**Required work**
Skip the pictures. Return exactly the lines from the one containing "On the Decks" through the end of the entries below.

**Source records**
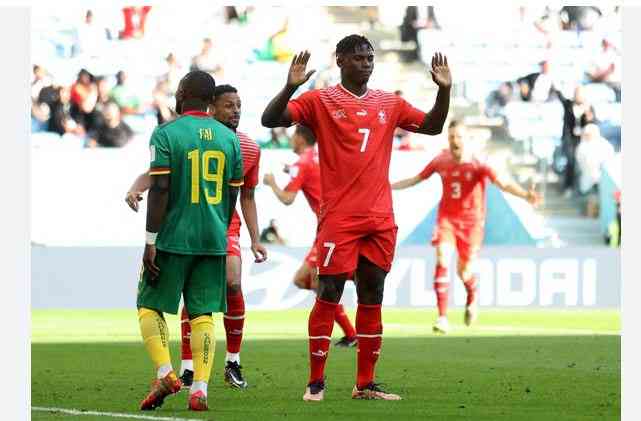 Why Breel Embolo did not celebrate goal for Switzerland during their 1-0 World Cup win over Cameroon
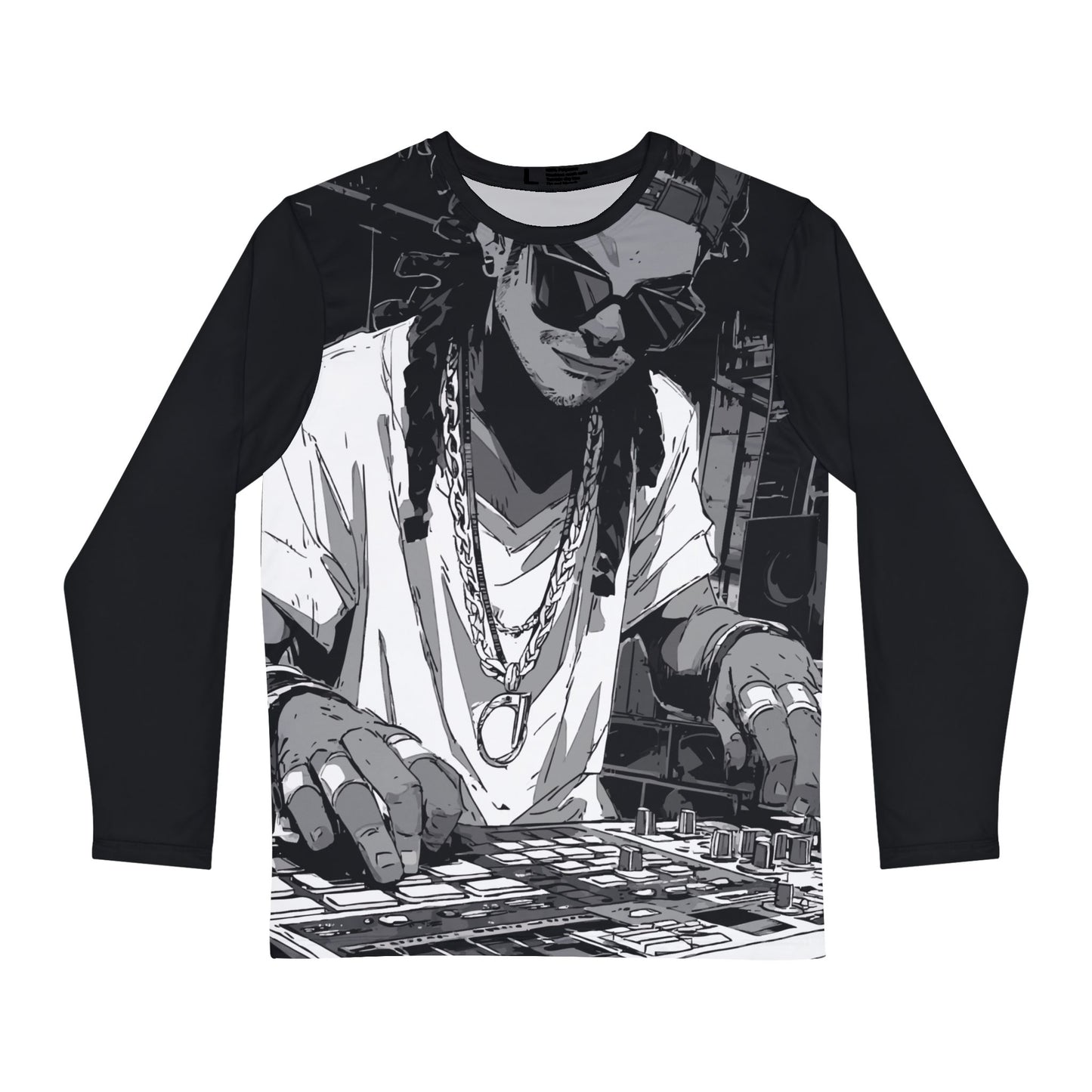 On the Decks Long Sleeve – Slicing Graphic Tee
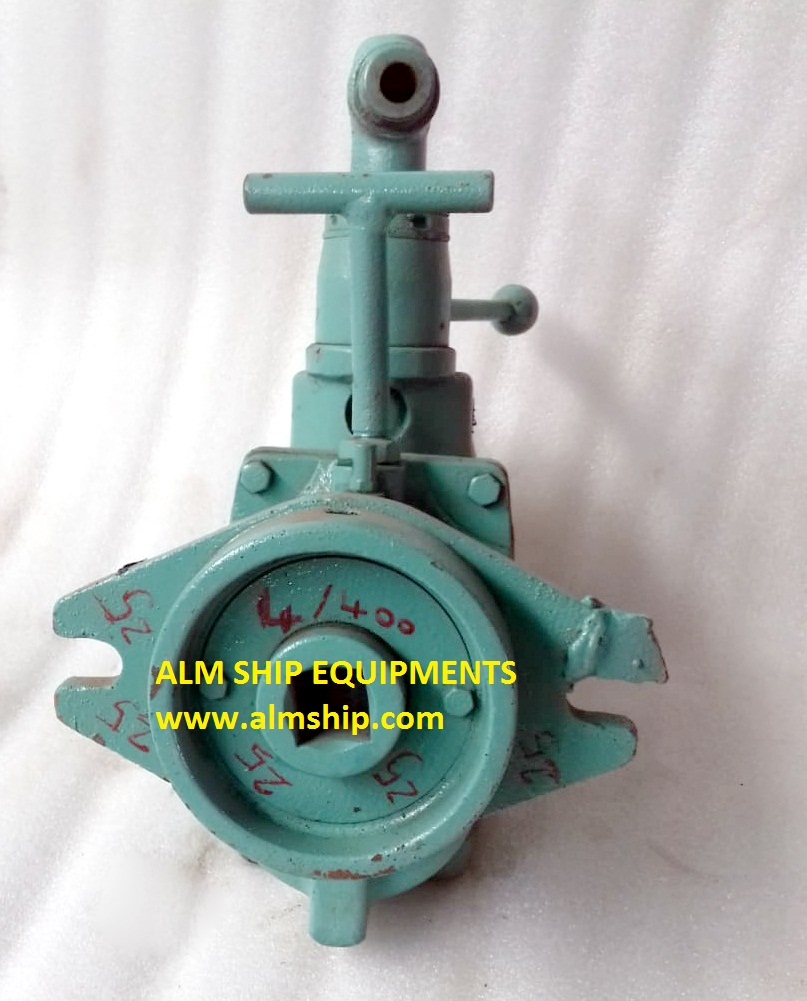 AIR MOTOR KM-4R-400 PW FOR KITAGAWA PNEUMATIC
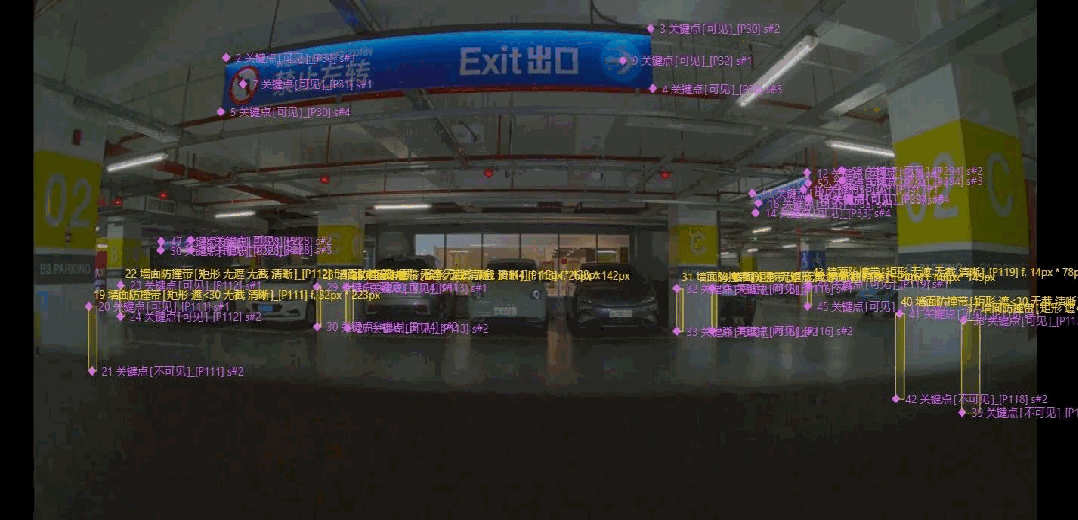 2D关键点标注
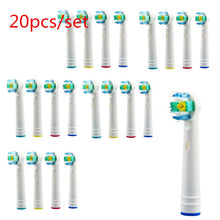 Load image into Gallery viewer, Wholesale New 8pcs/ 12pcs / 16pcs / 20pcs / 40pcs Compatible Replacement Toothbrush Head for Oral Hygiene B Models Fast Shipping
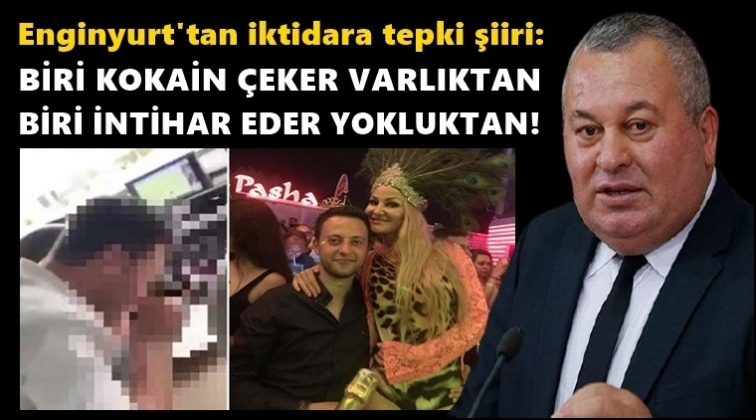 Cemal Enginyurt'tan iktidara şiirli tepki...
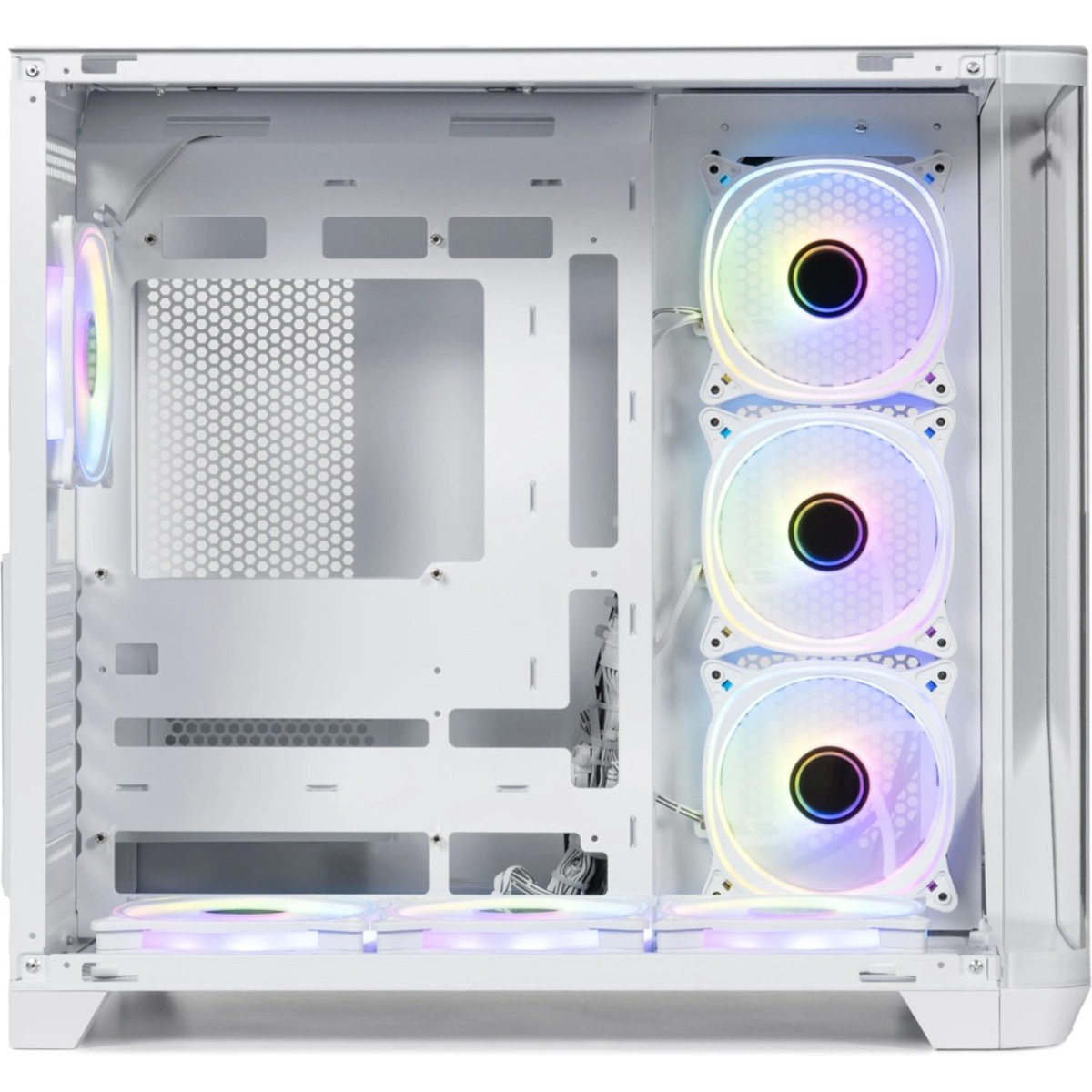 Корпус QUBE Mirage 7ARGB White (MIRAGE_GWNU3)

**Expected answer**
 On the Decks Long Sleeve – Slicing Graphic Tee
 AIR MOTOR KM-4R-400 PW FOR KITAGAWA PNEUMATIC
 2D关键点标注
 Load image into Gallery viewer, Wholesale New 8pcs/ 12pcs / 16pcs / 20pcs / 40pcs Compatible Replacement Toothbrush Head for Oral Hygiene B Models Fast Shipping
 Cemal Enginyurt'tan iktidara şiirli tepki...
 Корпус QUBE Mirage 7ARGB White (MIRAGE_GWNU3)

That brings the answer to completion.